CLIMBING THE MOUNTAIN TO TRUTH
“Truth is a pathless land.”
- Jiddu Krishnamurti
On August 2, 1929, before a crowd of 3,000, Jiddu Krishnamurti said, “ . . . truth is a pathless land . . .” He then elaborated and explained that statement. In essence, he said that none of us will find the one truth by following someone else’s path. Each of us must look inside ourselves and find his or her own truth, and follow that path. Our souls know the way. Only our souls know what particular lessons they need to learn in this life, what they must experience, and how best to do so. The crowd consisted of members of The Order of the Star of the East, which was founded in 1911. Krishnamurti was made the head of the order. The members were devoted to Krishnamurti and looked upon him as their teacher. They wanted a road map to truth and enlightenment; a path. They wanted to follow his path. His message was totally lost on them. So on that day, realizing that his message was not being received, he dissolved the order.

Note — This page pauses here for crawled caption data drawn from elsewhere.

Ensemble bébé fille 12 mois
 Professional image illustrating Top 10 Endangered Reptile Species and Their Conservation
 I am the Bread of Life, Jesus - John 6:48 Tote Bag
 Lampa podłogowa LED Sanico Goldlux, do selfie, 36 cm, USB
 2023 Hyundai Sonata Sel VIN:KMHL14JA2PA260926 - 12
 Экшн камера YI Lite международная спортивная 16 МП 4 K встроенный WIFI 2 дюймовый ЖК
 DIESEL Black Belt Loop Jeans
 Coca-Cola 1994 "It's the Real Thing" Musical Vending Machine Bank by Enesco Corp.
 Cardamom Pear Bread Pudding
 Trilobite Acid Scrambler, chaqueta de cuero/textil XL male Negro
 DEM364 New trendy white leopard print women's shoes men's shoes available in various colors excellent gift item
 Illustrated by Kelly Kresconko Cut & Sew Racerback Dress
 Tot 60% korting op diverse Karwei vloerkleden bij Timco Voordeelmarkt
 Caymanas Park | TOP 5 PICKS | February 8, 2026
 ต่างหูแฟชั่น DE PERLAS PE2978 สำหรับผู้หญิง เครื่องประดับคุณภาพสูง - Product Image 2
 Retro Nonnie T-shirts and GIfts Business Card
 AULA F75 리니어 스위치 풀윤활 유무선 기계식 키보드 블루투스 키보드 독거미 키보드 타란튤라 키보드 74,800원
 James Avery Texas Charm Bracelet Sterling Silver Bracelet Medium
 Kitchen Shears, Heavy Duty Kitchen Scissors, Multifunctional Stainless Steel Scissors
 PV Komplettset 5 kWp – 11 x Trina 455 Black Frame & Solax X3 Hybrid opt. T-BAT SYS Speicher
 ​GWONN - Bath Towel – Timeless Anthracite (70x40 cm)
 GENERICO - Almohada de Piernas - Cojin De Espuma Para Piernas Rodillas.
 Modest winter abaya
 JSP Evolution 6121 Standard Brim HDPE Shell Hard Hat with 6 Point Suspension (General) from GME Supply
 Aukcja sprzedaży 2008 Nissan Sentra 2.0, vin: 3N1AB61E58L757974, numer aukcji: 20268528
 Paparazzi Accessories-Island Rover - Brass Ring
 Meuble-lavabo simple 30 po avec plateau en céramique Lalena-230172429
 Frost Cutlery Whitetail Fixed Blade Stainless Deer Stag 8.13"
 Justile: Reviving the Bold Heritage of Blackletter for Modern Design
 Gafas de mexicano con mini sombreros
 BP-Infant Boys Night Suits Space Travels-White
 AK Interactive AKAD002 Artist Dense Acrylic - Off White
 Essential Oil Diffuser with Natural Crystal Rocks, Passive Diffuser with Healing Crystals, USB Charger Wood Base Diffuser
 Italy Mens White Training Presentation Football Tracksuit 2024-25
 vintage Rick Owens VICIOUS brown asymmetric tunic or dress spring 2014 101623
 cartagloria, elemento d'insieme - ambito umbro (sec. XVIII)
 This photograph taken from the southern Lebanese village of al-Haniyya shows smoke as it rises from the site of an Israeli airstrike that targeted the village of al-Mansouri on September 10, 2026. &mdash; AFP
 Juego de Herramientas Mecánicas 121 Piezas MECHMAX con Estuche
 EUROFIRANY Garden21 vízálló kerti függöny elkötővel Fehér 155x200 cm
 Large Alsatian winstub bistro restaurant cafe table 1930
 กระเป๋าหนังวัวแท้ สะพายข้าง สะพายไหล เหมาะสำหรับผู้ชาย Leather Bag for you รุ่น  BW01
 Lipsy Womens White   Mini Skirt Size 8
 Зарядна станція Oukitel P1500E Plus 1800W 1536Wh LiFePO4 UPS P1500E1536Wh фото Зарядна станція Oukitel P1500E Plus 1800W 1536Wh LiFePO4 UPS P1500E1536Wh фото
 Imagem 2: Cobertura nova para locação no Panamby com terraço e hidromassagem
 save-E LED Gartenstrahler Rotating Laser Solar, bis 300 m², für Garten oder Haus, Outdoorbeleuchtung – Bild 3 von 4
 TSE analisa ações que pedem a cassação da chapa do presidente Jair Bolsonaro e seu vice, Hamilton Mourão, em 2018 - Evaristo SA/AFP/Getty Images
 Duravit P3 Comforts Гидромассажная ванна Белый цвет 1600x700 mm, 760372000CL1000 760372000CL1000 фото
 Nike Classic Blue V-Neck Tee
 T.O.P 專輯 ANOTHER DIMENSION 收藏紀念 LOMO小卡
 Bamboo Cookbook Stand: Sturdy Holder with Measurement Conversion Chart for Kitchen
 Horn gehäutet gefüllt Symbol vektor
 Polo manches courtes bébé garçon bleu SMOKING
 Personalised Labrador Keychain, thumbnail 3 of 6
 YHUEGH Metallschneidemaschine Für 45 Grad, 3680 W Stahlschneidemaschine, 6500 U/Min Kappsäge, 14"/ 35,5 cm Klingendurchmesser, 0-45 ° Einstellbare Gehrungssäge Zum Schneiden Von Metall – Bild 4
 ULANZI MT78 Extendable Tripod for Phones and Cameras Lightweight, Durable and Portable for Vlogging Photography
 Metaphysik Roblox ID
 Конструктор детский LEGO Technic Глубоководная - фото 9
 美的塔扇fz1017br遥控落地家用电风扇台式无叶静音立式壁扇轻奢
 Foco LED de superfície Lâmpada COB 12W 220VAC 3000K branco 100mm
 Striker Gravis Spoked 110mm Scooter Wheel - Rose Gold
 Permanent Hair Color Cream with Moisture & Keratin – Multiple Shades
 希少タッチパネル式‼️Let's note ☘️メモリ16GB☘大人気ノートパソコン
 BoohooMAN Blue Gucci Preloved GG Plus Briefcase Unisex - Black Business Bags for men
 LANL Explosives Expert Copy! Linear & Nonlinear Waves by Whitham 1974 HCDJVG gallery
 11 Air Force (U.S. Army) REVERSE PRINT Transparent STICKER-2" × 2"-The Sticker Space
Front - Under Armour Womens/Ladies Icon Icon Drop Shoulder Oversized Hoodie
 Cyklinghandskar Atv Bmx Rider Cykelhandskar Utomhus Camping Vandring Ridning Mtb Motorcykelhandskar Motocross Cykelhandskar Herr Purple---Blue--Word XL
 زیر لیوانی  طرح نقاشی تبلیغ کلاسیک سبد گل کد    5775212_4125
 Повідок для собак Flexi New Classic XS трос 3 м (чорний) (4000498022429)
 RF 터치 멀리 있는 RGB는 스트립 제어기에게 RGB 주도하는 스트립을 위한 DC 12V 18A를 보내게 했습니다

For some reason, many of us are either so insecure, or so thoroughly and deeply indoctrinated from birth that we are not comfortable with the idea of seeking our own path in matters of the spirit. After we incarnate, the biggest influence is probably what Robert A. Cialdini calls the influence of “similar others” – people close to us who are similar, and to whom we look for guidance when we are uncertain. Perhaps that’s why the spiritual landscape is dominated by a few huge, organized religions, each of which is associated with a particular region of origin, and to which many people cling like a raft on a stormy sea. From the day we are born, most of us are fed a steady diet of “this is right, and that’s wrong,” “don’t do that, do this, and this is how” and “this is the real and only truth.” Our lives and beliefs are very structured and we are psychologically strong armed into a faith by the element of fear. Sometimes it’s fear of eternal damnation for those who do not fall in line. I am not saying religions are inherently bad things. It is what some people are doing with their religions - and in God’s name - that I think is harmful. Many times the things they do fly in the face of the teachings of those same religions. The beliefs of one group are projected as being the absolute truth, all too often to the point of violence. Apparently, some feel that treating someone with respect, tolerance and dignity only applies to followers of their particular faith; their chosen path. I don’t mean to be flippant, but religion should be taken in moderation; with a grain of salt.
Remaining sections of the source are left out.